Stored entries
■ ■ ■ ■ ■ ■ ■
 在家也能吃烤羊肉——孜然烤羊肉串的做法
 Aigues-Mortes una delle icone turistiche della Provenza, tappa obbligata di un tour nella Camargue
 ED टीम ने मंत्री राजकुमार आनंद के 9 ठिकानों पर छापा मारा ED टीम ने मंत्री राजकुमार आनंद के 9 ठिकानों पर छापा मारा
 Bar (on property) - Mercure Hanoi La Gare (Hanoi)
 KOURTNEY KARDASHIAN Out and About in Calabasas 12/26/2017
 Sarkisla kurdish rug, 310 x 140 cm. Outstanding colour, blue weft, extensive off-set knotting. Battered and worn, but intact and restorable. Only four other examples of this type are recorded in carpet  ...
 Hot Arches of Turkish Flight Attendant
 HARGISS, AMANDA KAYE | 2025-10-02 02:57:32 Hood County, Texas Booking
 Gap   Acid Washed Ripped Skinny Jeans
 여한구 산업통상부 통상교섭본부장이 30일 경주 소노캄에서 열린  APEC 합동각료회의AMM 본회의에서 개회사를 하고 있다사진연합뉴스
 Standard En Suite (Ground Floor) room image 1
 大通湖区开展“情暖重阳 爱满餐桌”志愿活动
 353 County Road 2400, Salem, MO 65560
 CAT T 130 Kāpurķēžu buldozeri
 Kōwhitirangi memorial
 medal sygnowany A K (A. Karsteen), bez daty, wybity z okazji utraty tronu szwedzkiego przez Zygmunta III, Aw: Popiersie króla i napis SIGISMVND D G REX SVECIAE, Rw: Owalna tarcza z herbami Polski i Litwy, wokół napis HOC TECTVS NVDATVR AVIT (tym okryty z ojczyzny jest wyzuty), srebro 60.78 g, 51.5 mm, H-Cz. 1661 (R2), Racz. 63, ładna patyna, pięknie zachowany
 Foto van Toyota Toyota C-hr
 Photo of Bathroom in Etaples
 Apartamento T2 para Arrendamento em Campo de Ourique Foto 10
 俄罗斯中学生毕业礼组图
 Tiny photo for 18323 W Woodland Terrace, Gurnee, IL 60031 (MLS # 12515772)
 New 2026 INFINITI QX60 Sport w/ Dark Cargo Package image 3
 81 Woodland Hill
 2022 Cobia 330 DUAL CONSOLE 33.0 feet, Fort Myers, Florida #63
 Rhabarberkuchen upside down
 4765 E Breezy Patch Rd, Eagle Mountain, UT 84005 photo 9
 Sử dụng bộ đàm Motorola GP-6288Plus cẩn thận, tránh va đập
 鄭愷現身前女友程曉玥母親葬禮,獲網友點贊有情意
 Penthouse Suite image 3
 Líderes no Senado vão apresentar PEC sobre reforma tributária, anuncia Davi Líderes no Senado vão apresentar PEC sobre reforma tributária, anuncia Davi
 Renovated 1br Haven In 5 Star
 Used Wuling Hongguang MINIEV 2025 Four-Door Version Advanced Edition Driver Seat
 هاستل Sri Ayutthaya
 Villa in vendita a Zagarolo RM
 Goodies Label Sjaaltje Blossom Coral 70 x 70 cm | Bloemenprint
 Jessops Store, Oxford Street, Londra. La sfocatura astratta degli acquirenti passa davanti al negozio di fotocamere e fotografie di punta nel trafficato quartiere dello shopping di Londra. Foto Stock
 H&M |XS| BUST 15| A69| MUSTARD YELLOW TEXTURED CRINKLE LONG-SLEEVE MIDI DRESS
■ ■ ■ ■ ■ ■ ■
Every line of the data above that includes "image" should be listed.

_Response to the exercise_.
 Standard En Suite (Ground Floor) room image 1
 New 2026 INFINITI QX60 Sport w/ Dark Cargo Package image 3
 Penthouse Suite image 3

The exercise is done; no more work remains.